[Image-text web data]
◇ ◇ ◇ ◇ ◇ ◇ ◇

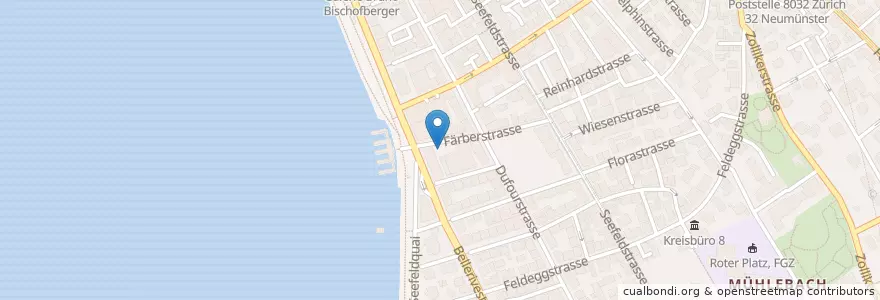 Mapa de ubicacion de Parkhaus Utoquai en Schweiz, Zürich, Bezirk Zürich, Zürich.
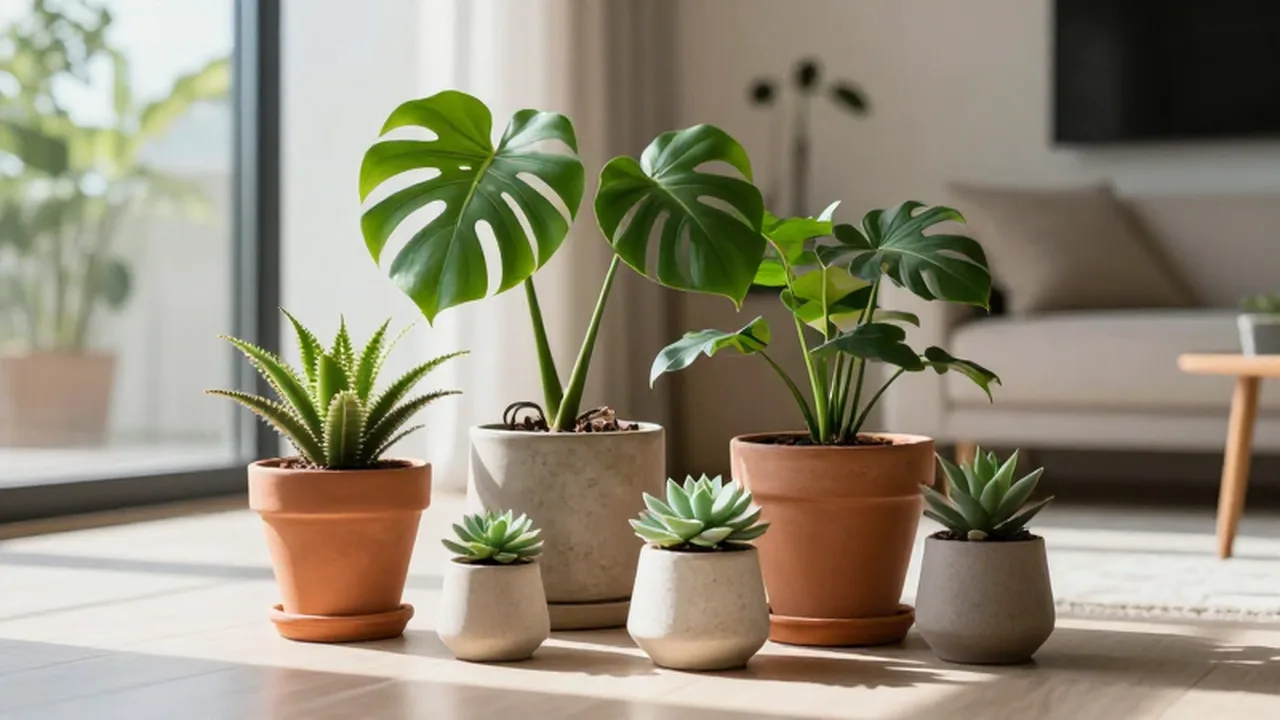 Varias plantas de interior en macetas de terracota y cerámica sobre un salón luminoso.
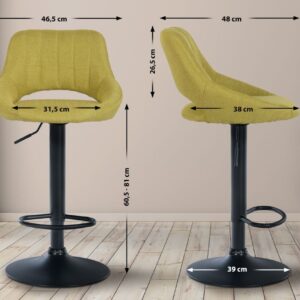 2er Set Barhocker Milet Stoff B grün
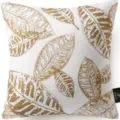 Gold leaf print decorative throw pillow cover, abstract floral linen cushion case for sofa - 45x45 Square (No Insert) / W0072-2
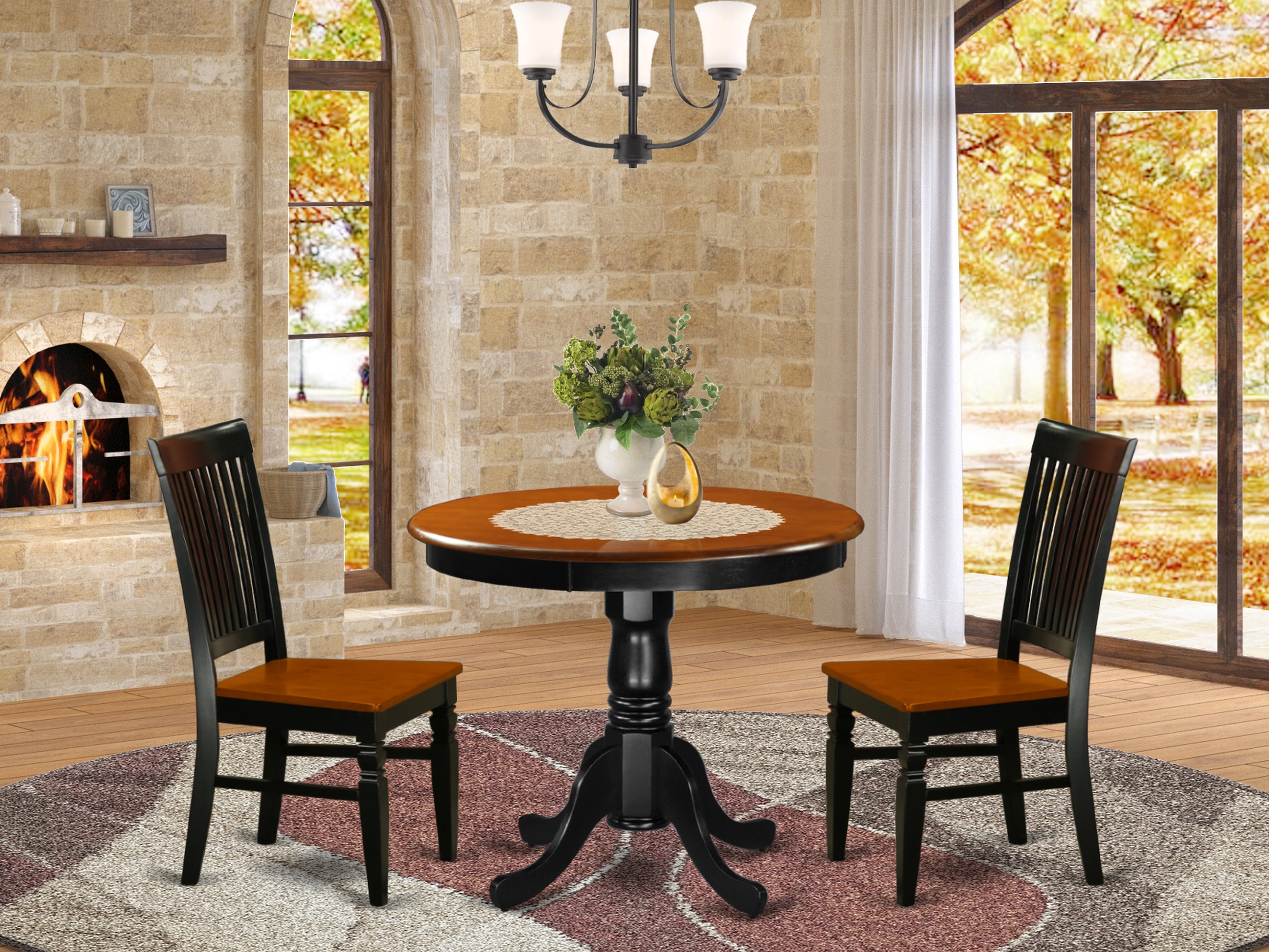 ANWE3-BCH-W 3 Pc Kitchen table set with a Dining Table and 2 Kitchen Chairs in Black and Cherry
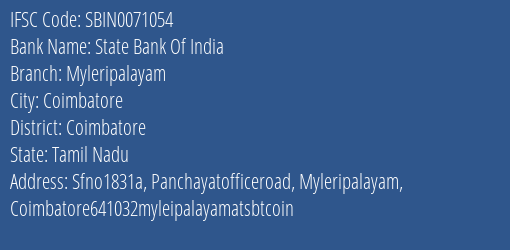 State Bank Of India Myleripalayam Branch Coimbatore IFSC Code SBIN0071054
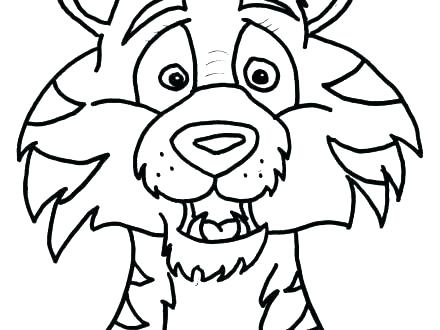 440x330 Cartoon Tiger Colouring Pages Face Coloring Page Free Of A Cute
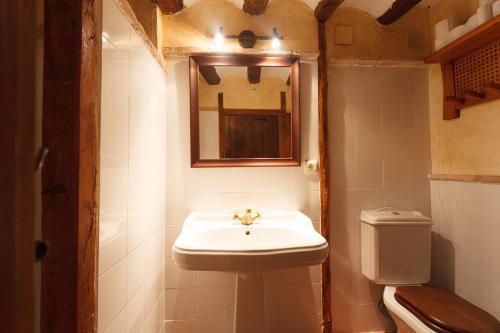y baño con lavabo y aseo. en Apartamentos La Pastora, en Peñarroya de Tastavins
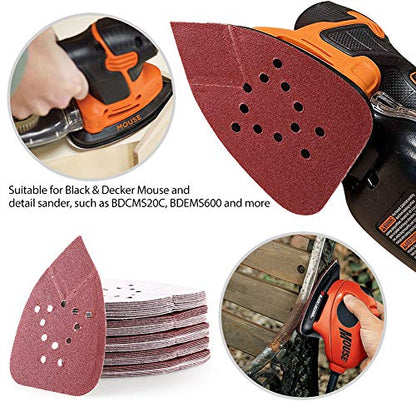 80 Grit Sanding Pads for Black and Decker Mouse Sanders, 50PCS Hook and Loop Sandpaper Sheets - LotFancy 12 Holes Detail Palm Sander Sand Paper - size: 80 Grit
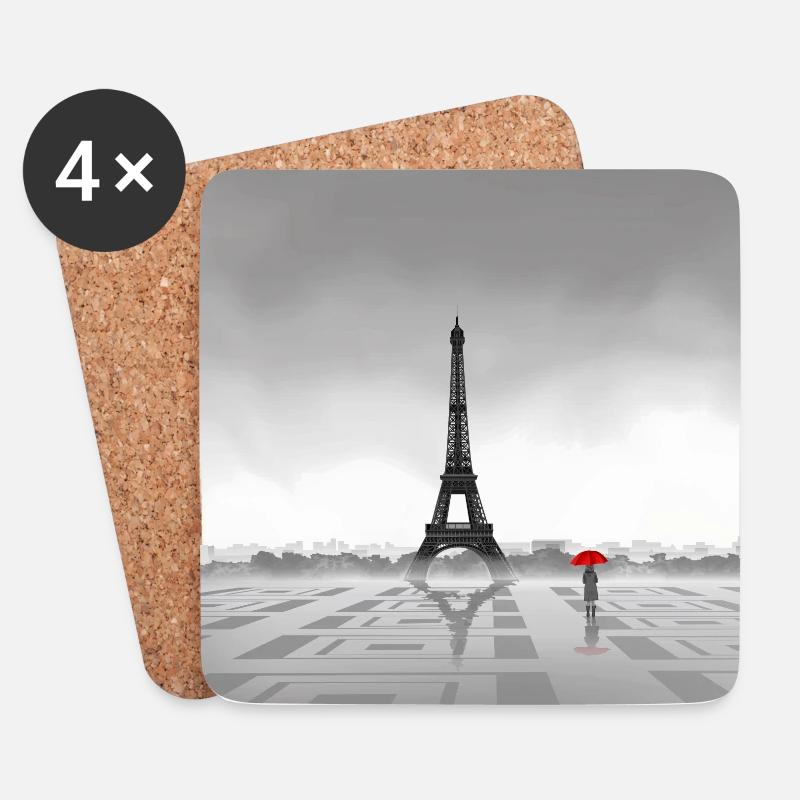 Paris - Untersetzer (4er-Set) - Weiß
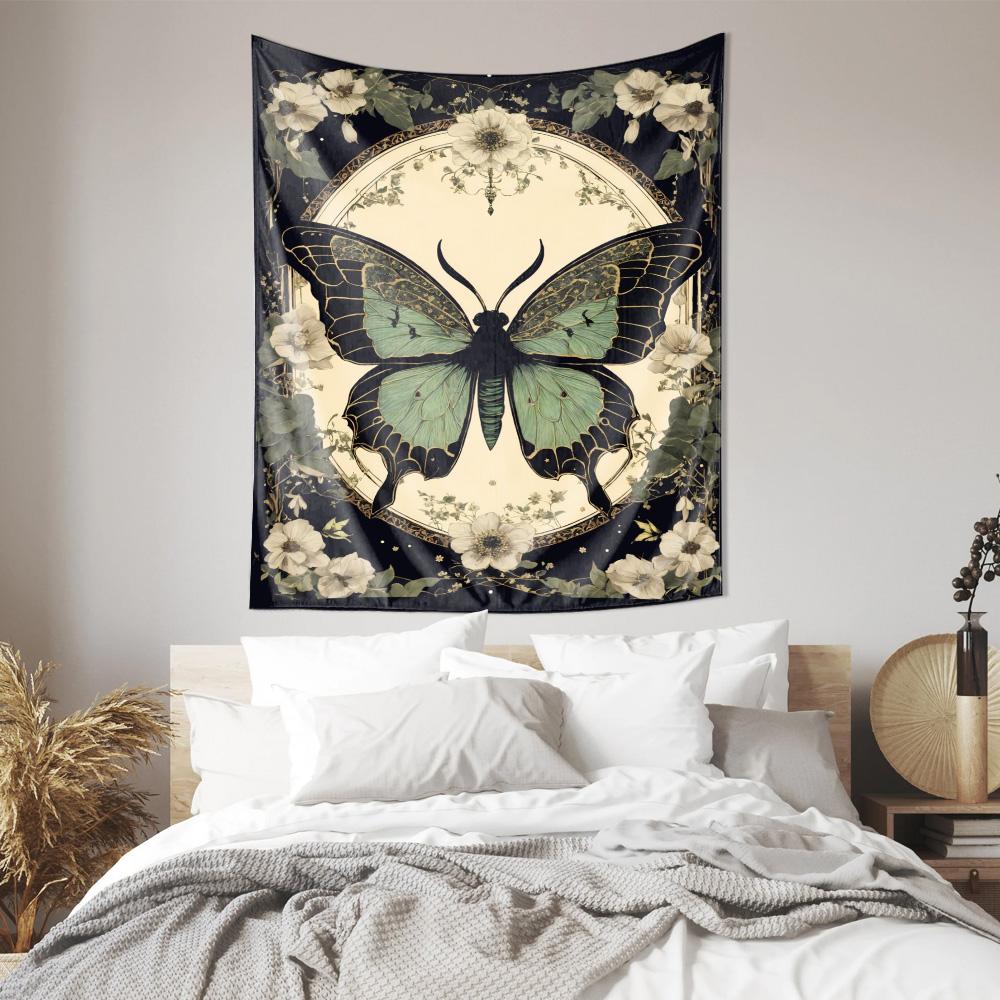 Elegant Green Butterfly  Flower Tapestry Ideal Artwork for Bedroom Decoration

◇ ◇ ◇ ◇ ◇ ◇ ◇

### YOUR ASSIGNMENT
The output must match, line for line, the span from the line containing "2er Set Barhocker Milet Stoff B grün" through the end of the data, with the pictures removed.

### ANSWER TO THIS TASK
 2er Set Barhocker Milet Stoff B grün
 Gold leaf print decorative throw pillow cover, abstract floral linen cushion case for sofa - 45x45 Square (No Insert) / W0072-2
 ANWE3-BCH-W 3 Pc Kitchen table set with a Dining Table and 2 Kitchen Chairs in Black and Cherry
 State Bank Of India Myleripalayam Branch Coimbatore IFSC Code SBIN0071054
 440x330 Cartoon Tiger Colouring Pages Face Coloring Page Free Of A Cute
y baño con lavabo y aseo. en Apartamentos La Pastora, en Peñarroya de Tastavins
 80 Grit Sanding Pads for Black and Decker Mouse Sanders, 50PCS Hook and Loop Sandpaper Sheets - LotFancy 12 Holes Detail Palm Sander Sand Paper - size: 80 Grit
 Paris - Untersetzer (4er-Set) - Weiß
 Elegant Green Butterfly  Flower Tapestry Ideal Artwork for Bedroom Decoration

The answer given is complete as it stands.